──────── Entries shown

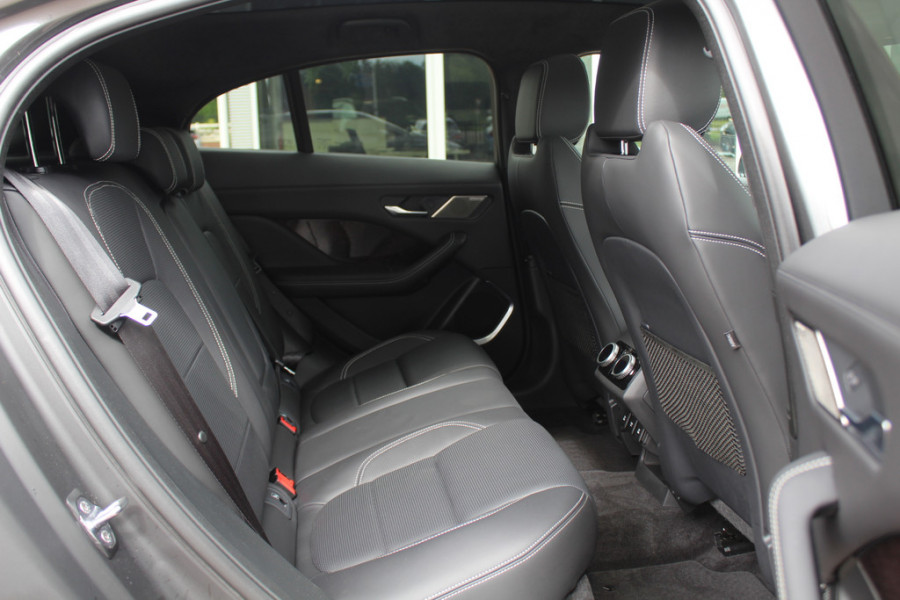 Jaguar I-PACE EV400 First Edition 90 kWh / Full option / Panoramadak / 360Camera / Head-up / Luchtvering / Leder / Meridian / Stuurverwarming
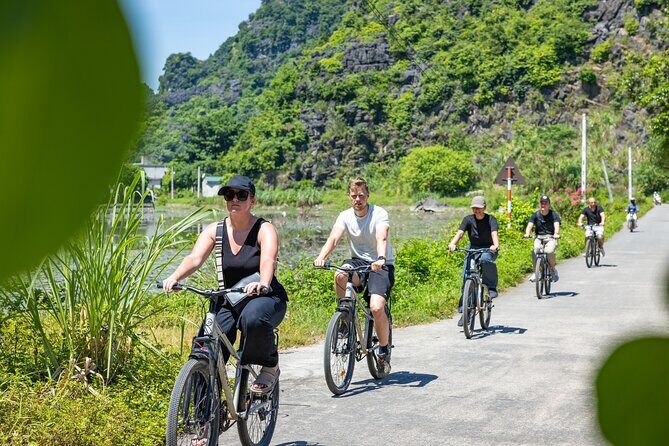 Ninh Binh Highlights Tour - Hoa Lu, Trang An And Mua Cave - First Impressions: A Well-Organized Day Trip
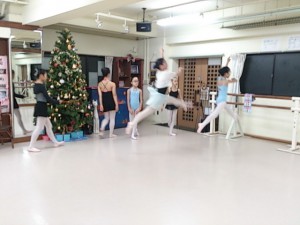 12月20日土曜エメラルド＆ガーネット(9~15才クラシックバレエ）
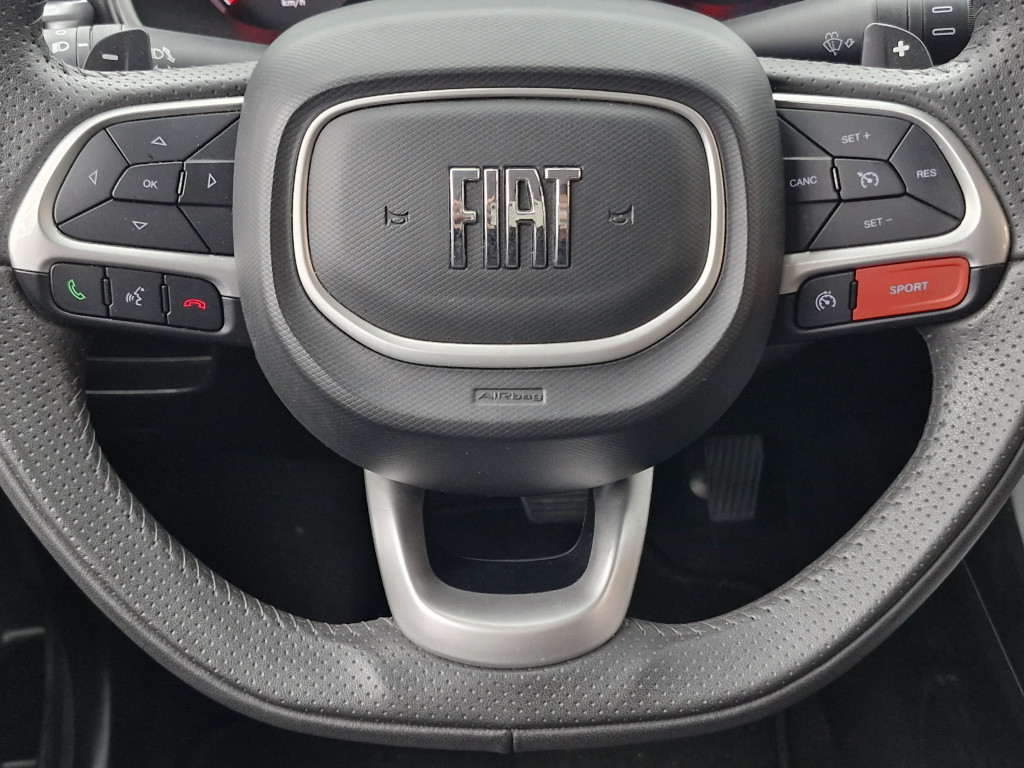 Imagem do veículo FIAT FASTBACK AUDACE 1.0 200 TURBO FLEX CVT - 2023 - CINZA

────────────────
──────── Entries shown

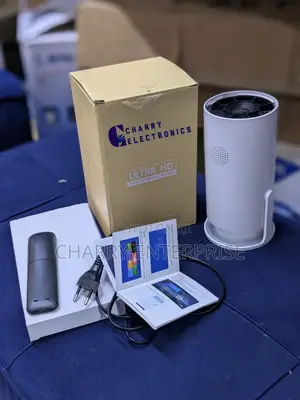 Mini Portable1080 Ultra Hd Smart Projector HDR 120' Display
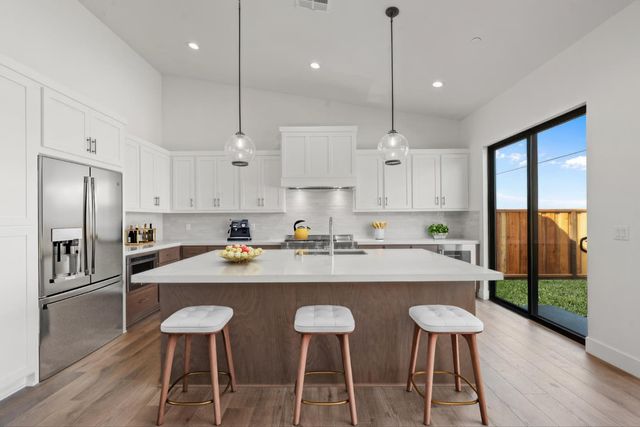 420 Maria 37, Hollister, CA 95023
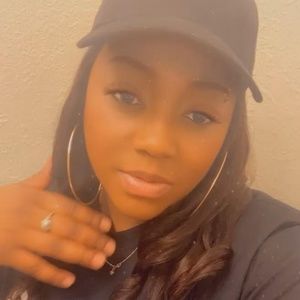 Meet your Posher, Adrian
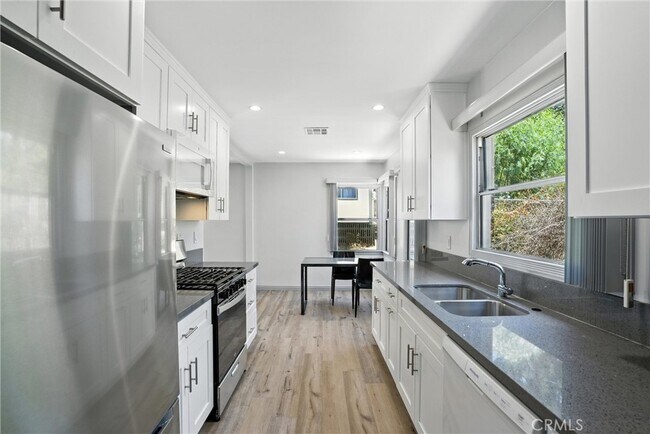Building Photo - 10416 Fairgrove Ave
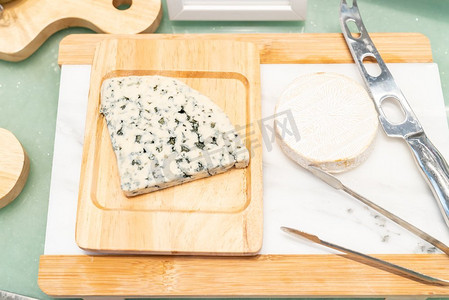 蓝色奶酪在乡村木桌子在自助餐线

────────────────
──────── Entries shown

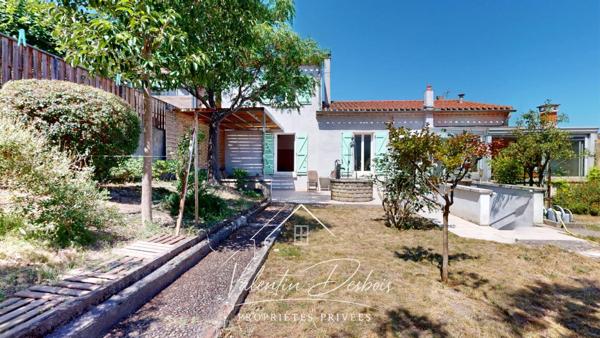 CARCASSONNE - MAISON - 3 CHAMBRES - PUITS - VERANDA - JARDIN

────────────────

Your objective
Only the lines above starting with the line with "Building Photo - 10416 Fairgrove Ave" and going on through the line with "蓝色奶酪在乡村木桌子在自助餐线" belong in the answer; repeat them exactly, minus any picture.

Exercise solution
Building Photo - 10416 Fairgrove Ave
 蓝色奶酪在乡村木桌子在自助餐线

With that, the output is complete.